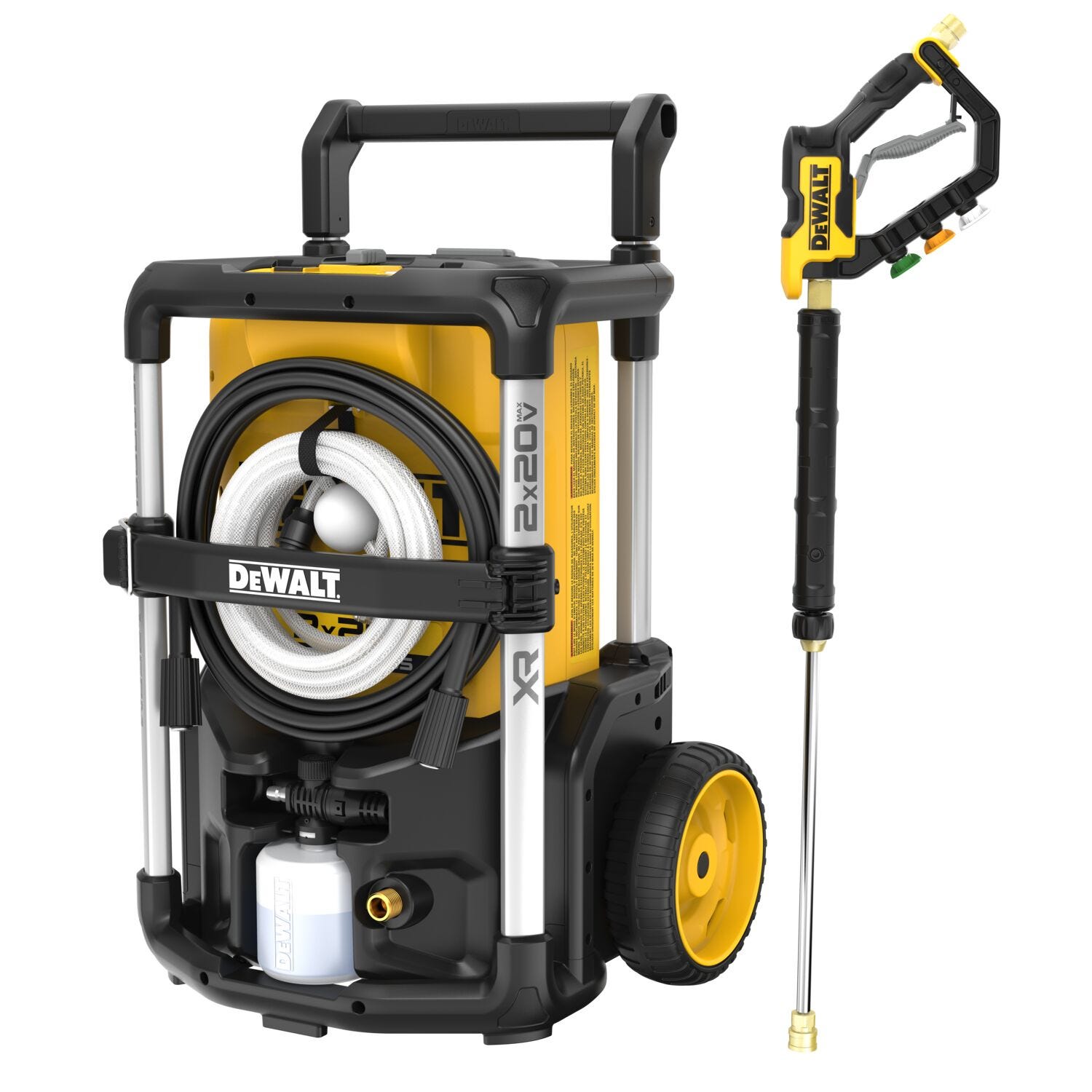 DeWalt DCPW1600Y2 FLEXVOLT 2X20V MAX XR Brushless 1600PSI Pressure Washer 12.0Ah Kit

☆ ☆ ☆ ☆ ☆

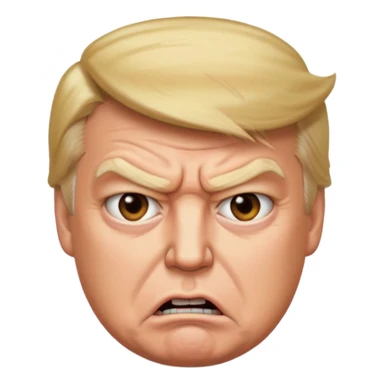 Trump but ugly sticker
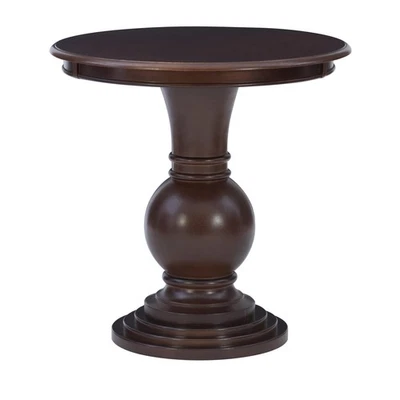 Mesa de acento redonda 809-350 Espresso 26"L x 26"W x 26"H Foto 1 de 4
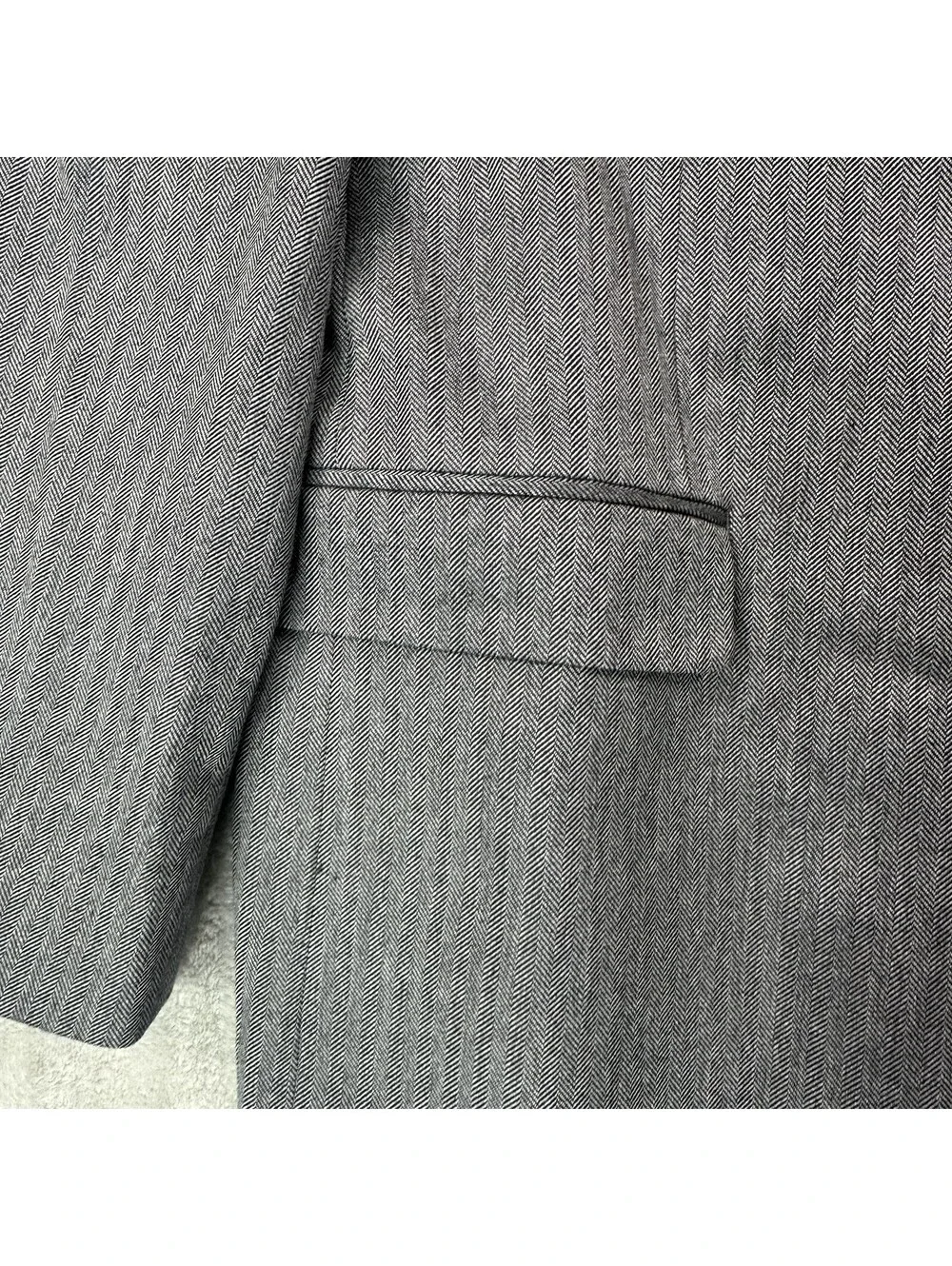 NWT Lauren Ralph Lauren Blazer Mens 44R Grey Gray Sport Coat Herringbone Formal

☆ ☆ ☆ ☆ ☆

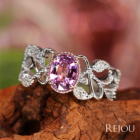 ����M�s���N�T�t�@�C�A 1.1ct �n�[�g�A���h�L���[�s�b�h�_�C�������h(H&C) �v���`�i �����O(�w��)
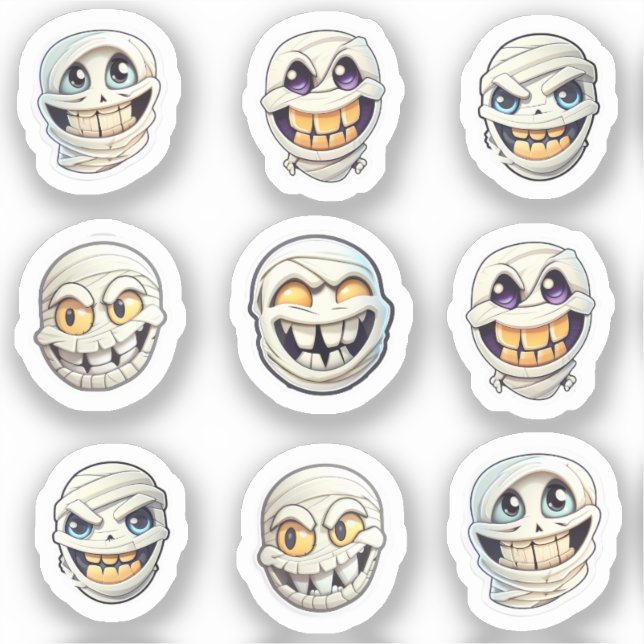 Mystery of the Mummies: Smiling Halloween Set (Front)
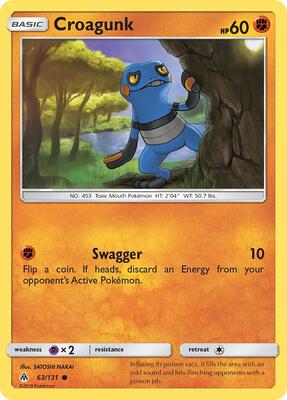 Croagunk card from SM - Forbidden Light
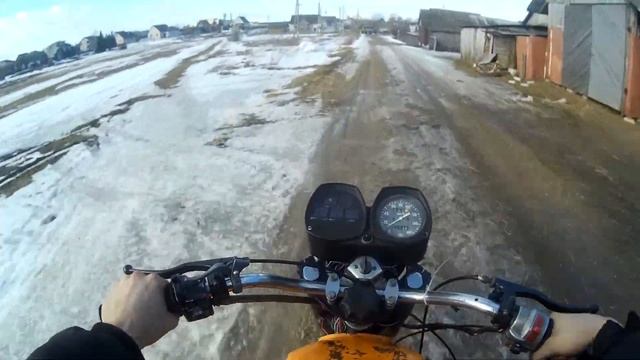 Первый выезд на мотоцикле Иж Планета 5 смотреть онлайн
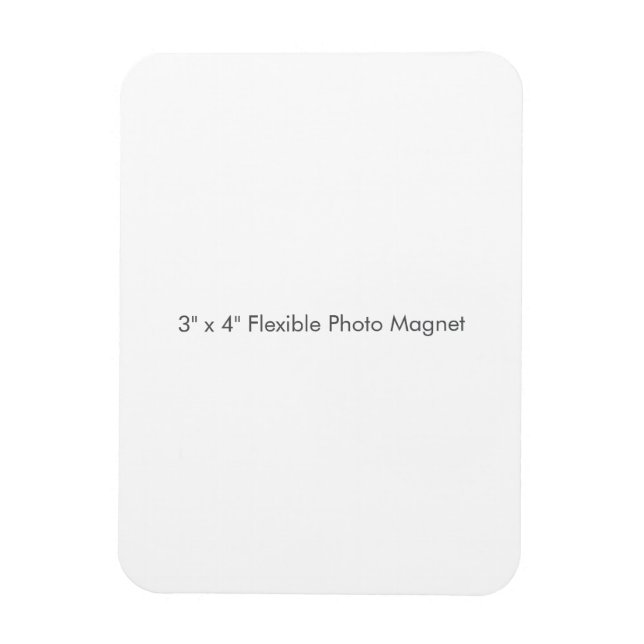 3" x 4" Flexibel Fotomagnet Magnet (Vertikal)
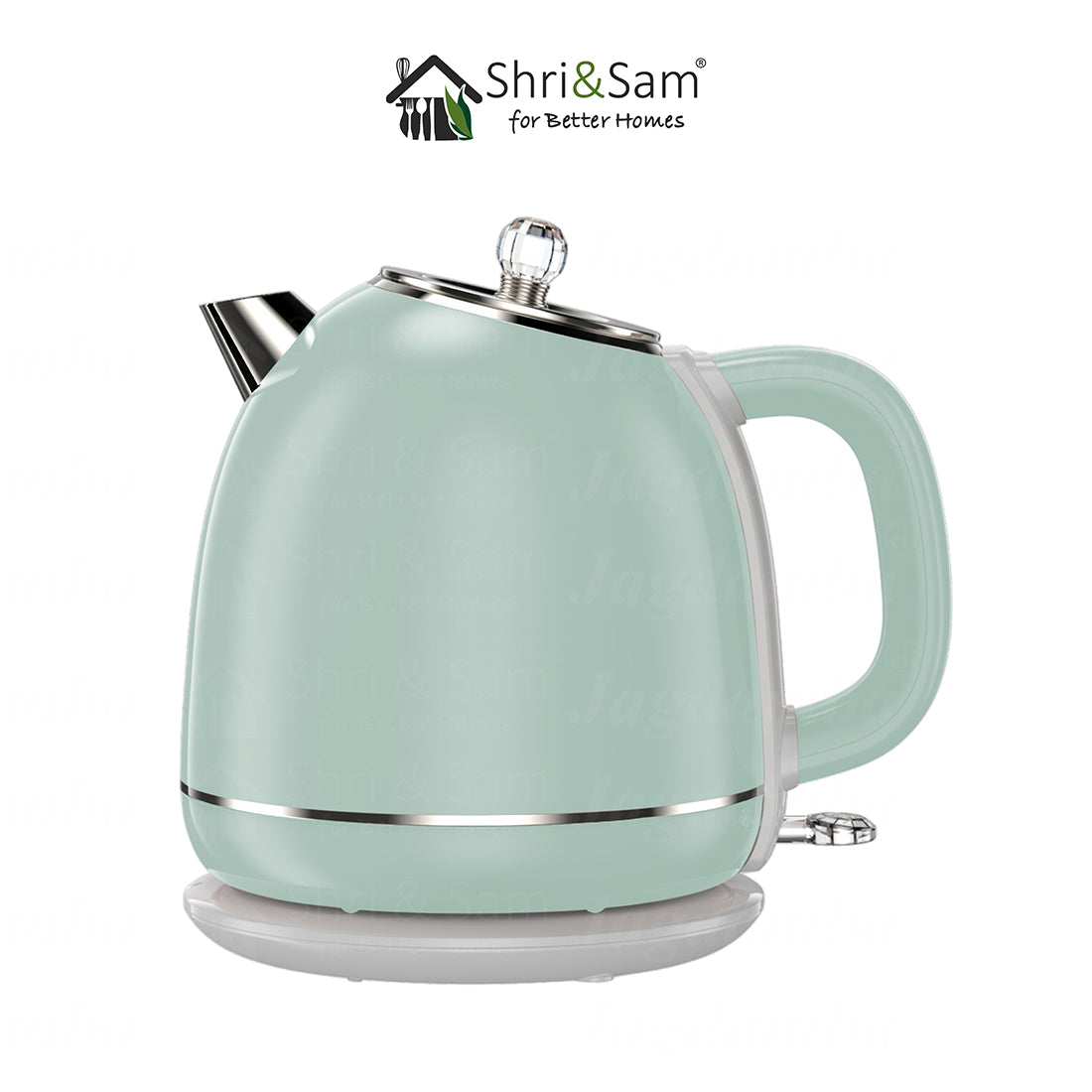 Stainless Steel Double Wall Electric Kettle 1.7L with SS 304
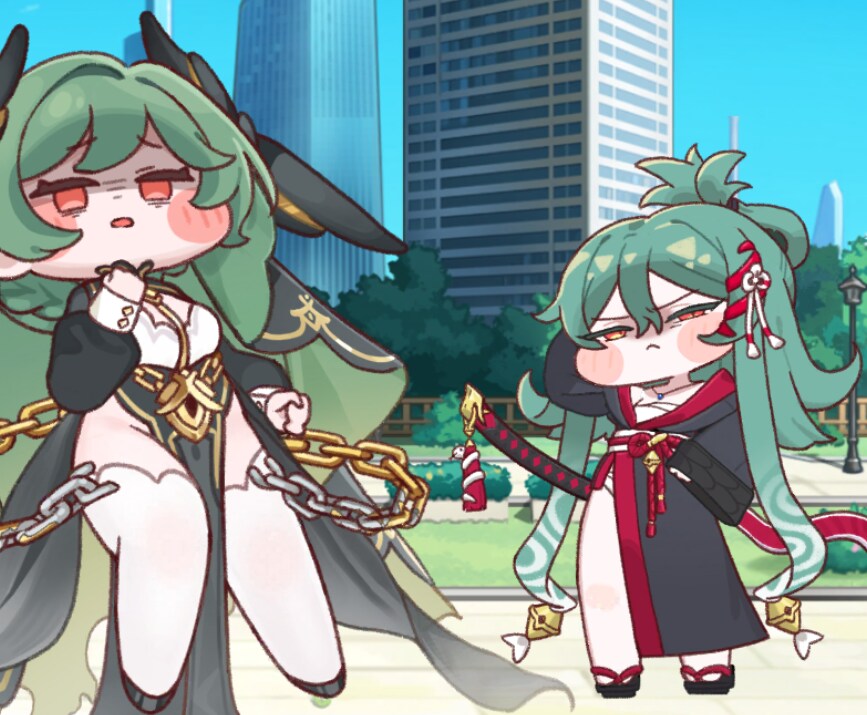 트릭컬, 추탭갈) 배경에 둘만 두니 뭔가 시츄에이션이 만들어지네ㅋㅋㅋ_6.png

☆ ☆ ☆ ☆ ☆

▶ _Your task_: Look above for the line holding "Stainless Steel Double" and output everything from it down to the line holding "트릭컬, 추탭갈) 배경에 둘만 두니 뭔가 시츄에이션이 만들어지네ㅋㅋㅋ_6.png", both ends included, exactly and without images.

▶ _Output of the task_:
 Stainless Steel Double Wall Electric Kettle 1.7L with SS 304
 트릭컬, 추탭갈) 배경에 둘만 두니 뭔가 시츄에이션이 만들어지네ㅋㅋㅋ_6.png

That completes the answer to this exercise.